Głębokie was invested in 1437 and until World War II, the village was an enclave of predominantly Polish population in inhabited mainly by people of Rusińską. The Act of Foundation of the village was released on 29 September 1437 in Rymanów by Dobiesława of Oleśnica.

The parish of Głębokie existed until 1670, when the local priest was killed, and the Bishop did not appoint a new pastor. The parish was restored only in 1932. At the time of the Protestant Reformation the local lord, Count John and Stanisław Janowscy converted to Lutheranism.

In 1863, Ferdinand Eligiusz Janowski built one of the first oil mines in Poland near głębockie in the Valley of the Silskiego Brook. This mine was operated until 1948, when oil extraction has become unprofitable.
In 1905 the village was owned by Adolf Pozniak and had an area of less than 350 ha.

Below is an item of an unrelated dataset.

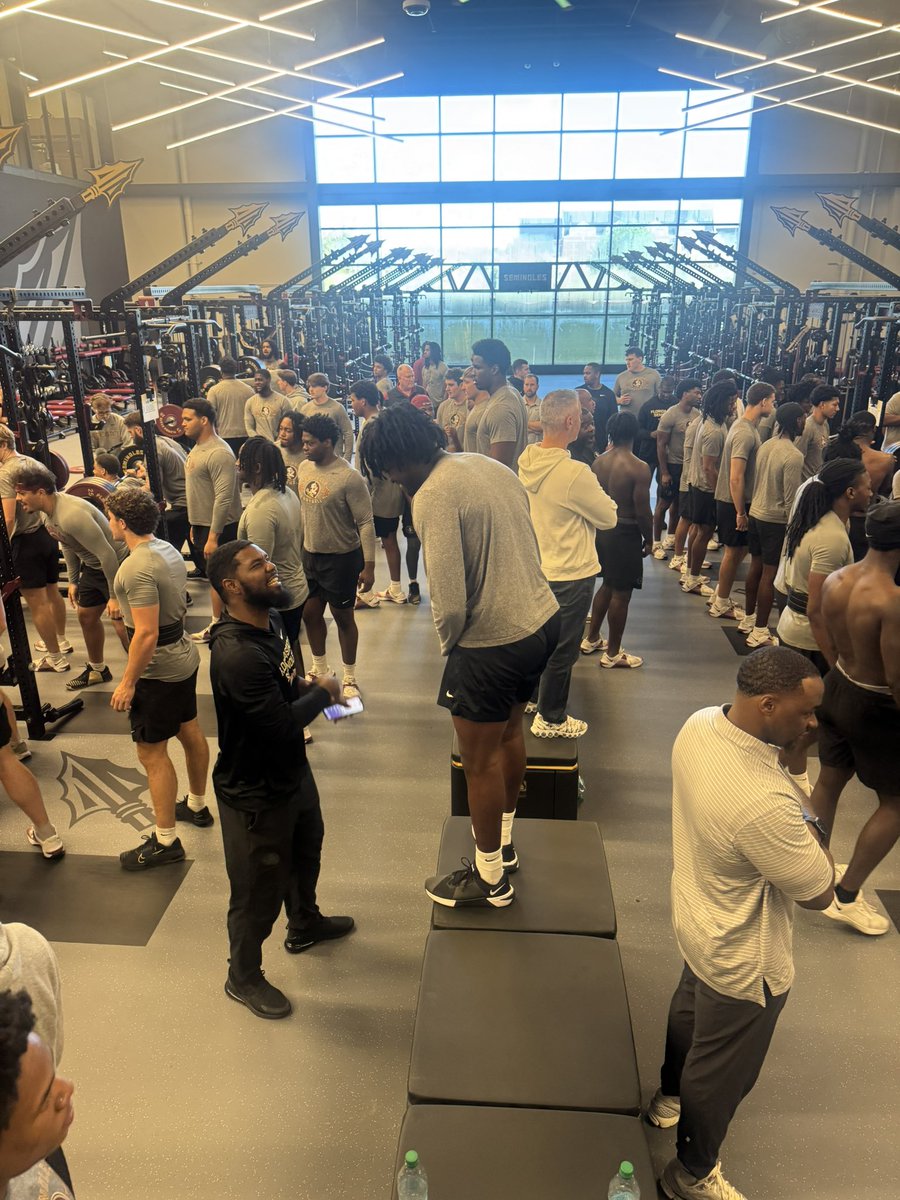 Evan Cooper tweet media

During the First World War, Russian and Cossack troops were stationed here and Paweł Hajduczek was mayor.
 Later on December 13, 1942, the village was attacked by the German army in response to insurgency operations, 13 homes were burned. The partisans Jan Urbanik and Adam Golowski were hanged. Then on 15 September 1944 German troops blew up the Church, rectory and burned 50 homes and killed 21 people.